Where Art is Made and Displayed
- Marina WitteMann
- Apr 24
- 3 min read
“Whereas the gallery once transformed whatever was in it into art (and still occasionally does), with these media the process is reversed: now such media transform the gallery, insistently, on their terms.” (O’Doherty, B., 2007, p. 40)
Reading O’Doherty’s Studio and Cube really made me reflect on the separation between the space where I create and the space where I show my work. His sentence, “Every studio has to have some traffic with the outside” (O’Doherty, B., 2007, p. 21) resonated with me. For me, the studio is not only a private place of making, but also a transitional space where ideas about the public are constantly entering and being transformed.

Since the beginning of this course, I’ve been exploring how physicality, texture, and emotion are translated through material. In my practice, the place of making is often very rough, messy, layered with traces of the process, full of reused and broken elements. This contrasts with many showing spaces, especially the white cube, which often feels sterile and clean. I’ve always been aware of this tension, and I think I even use it intentionally. For example, in my Temporary Permanence installation, the rough, fragile material (newspapers) had “emotional” destruction (vandalism) marks, but then it was carefully arranged in the gallery and public settings. This tension between vulnerability and presentation is a big part of my work.
One of the strongest examples for me was showing work in the vitrines of shops in Zurich. The "studio" and "cube" merged into a new kind of space: a public street that became both a studio and exhibition site. I had to think not only how the work looked, but how it acted in the space, in dialogue with everyday objects and people just walking by.

Suddenly, a work that was never meant to be framed had to be reframed, literally and conceptually, to speak with its surroundings. That taught me a lot about context and how much the showing space changes the meaning of the artwork.
I also think about my studio as a space of resistance, where I fight against aesthetic polish and try to stay honest to materials and emotion. But that honesty still needs to be translated to an audience, and this translation happens in the exhibition space. I learned this especially while preparing for the virtual exhibition. I was trying to simulate some sense of “traffic” between the private and the public by choosing images, editing texts, and deciding how to lead the viewer’s eye across the screen. It wasn’t just documentation; it was a kind of second making.
In my practice statement and plans, I kept returning to the idea of gut feeling, of visceral response to materials. That’s why I was originally drawn to the restaurant as a showing space; it felt like a place of emotion, of bodily experience. But when I realised the concept had moved too far into separate from my practice idea, I started searching again for spaces where the rawness of my process could speak clearly. I thought of empty buildings, places being reconstructed, spaces that hold memory but are also becoming something else. This fits my work better, as my practice is deeply tied to transformation, temporality, and fragility.
I’ve started thinking about how the energy moves between my studio and the showing space. Sometimes it’s a direct line, fast and urgent, especially when preparing for commissions or quick installs.

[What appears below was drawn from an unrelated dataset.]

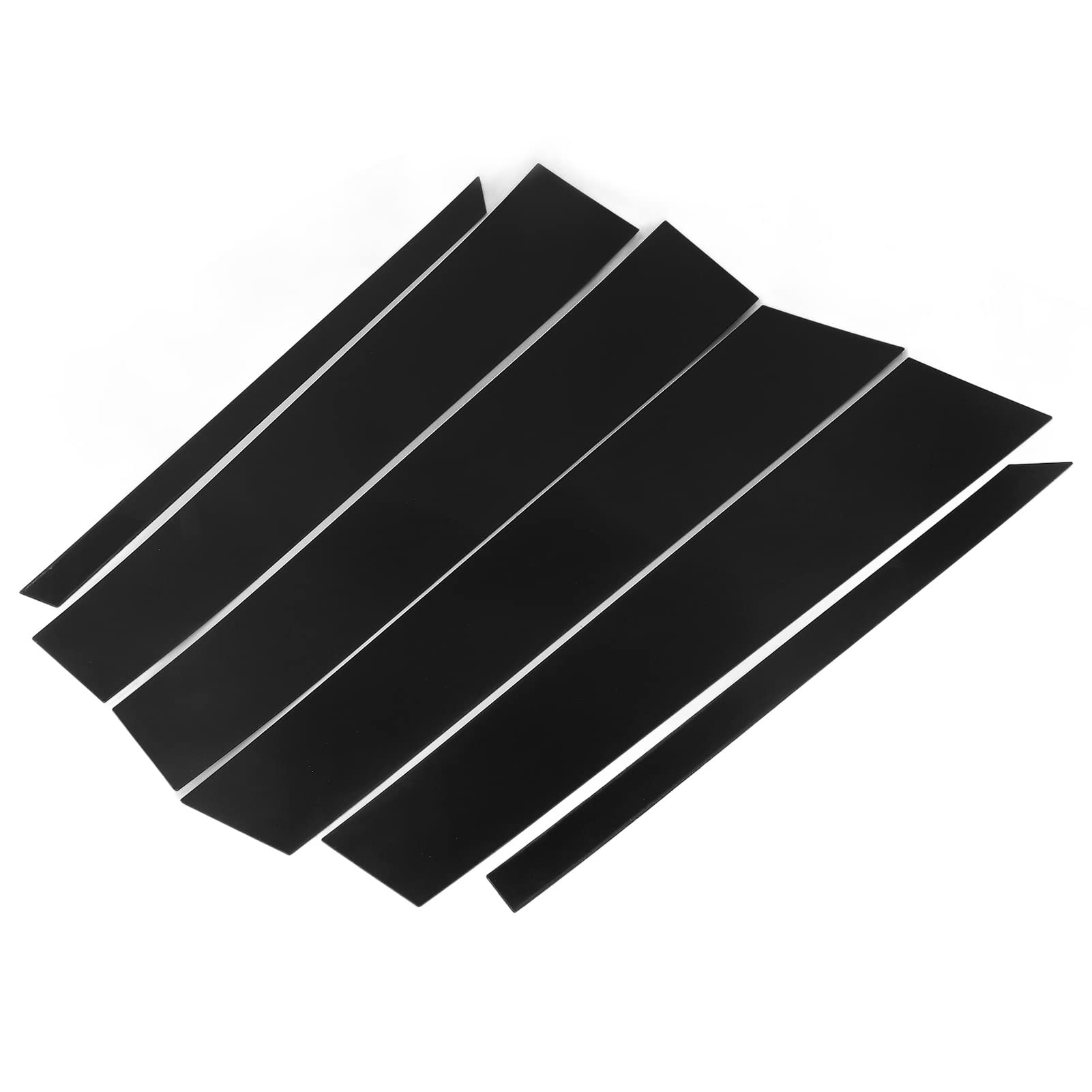 AOWINHIT W164 coprimontanti auto nero lucido 6 pezzi PC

Sometimes it’s a spiral, as when I revisit older works in new contexts. I’m starting to think of my practice not in two separate spaces, but as a continuum where ideas are always shifting between private making and public showing.

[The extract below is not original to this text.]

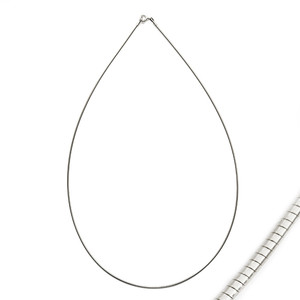 Silver Necklace (MONOSONO COLLECTION) 1475TM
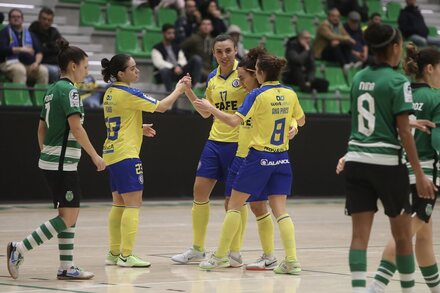 Liga Feminina Placard| Sporting x Nunlvares (J14)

The ideas from Brian Massumi about affect and sensation remind me that the studio is not just a space of thinking, but a place where the body knows something before the mind does. And the exhibition space is where that body knowledge gets translated into something others can feel too.
Bibliography and references
1. O’Doherty, B. (2007) Studio and cube: on the relationship between where art is made and where art is displayed. New York: Columbia University.